Meskipun hasil survei itu agak meragukan karena hanya berdasarkan pada 100 orang responden saja namun tetap saja ada kabar kurang enak bagi para perokok di Surabaya yang gemar merokok di tempat-tempat umum. Pasalnya, pemerintah kota Surabaya sedang bersiap-siap menggulirkan peraturan daerah (perda) yang membatasi ruang gerak kaum perokok di Surabaya.
“Saat ini perda itu masih berupa draft. Kota yang baik itu adalah kota yang punya perhatian besar melindungi warganya dari berbagai hal yang diperkirakan bisa membahayakan. Melindungi masyarakat dari bahaya merokok juga iya. Yang penting adalah law enforcement-nya. Perlu juga dilakukan kampanye agar pelanggaran-pelanggaran terhadap perda itu mendapat social pressure,” ungkap Wakil Wali Kota Arief Affandi saat membuka talkshow yang diadakan oleh Sampoerna untuk Indonesia dan Suara Surabaya itu.
Kampanye atau sosialisasi juga dianggap perlu oleh Ratna Wangsa, Ketua Komisi A DPRD Surabaya yang menjadi salah satu pembicara. “Harus ada sosialiasi tentang akibat merokok, ” ujarnya.
Pembicara lain, Hadi Siswanto yang menjabat Kabag Hukum Pemkot Surabaya berharap nantinya pelaksanaan perda itu, “Jangan hanya disandarkan kepada pemkot. Masyakarat harus ikut berpartisipasi.”
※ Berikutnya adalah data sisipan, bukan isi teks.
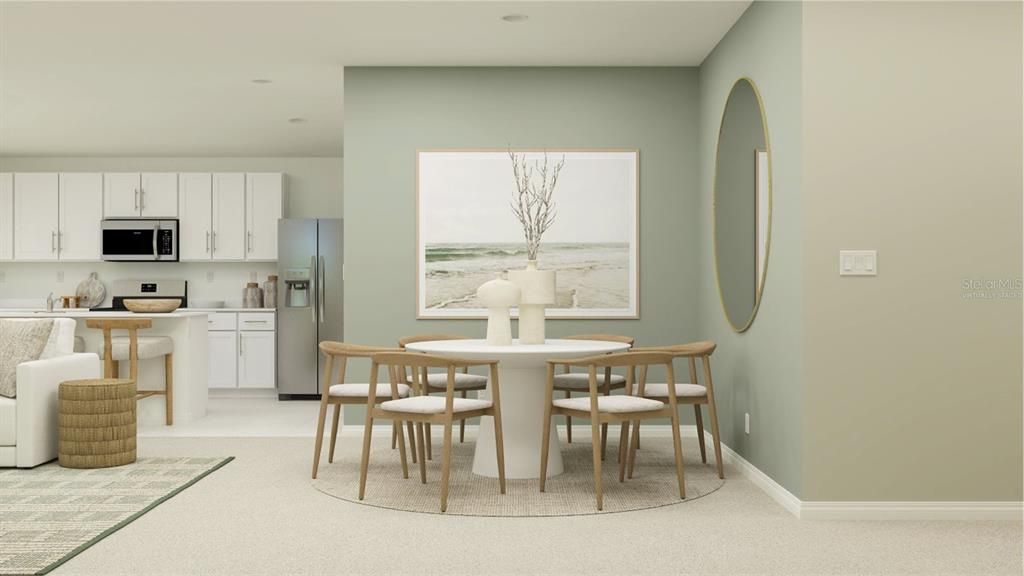 Image 3 of property listing at 4761 KATRINA DRIVE, Haines City, FL 33844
Ajakan itu mengundang sambutan antusias dari para peserta yang hadir. Banyak yang berebut untuk mengeluarkan pendapat masing-masing. Pada umumnya mereka mendukung kehadiran perda soal KTM dan KTR sejauh kegiatan merokok tidak dilarang sama sekali, melainkan hanya dibatasi ruang geraknya.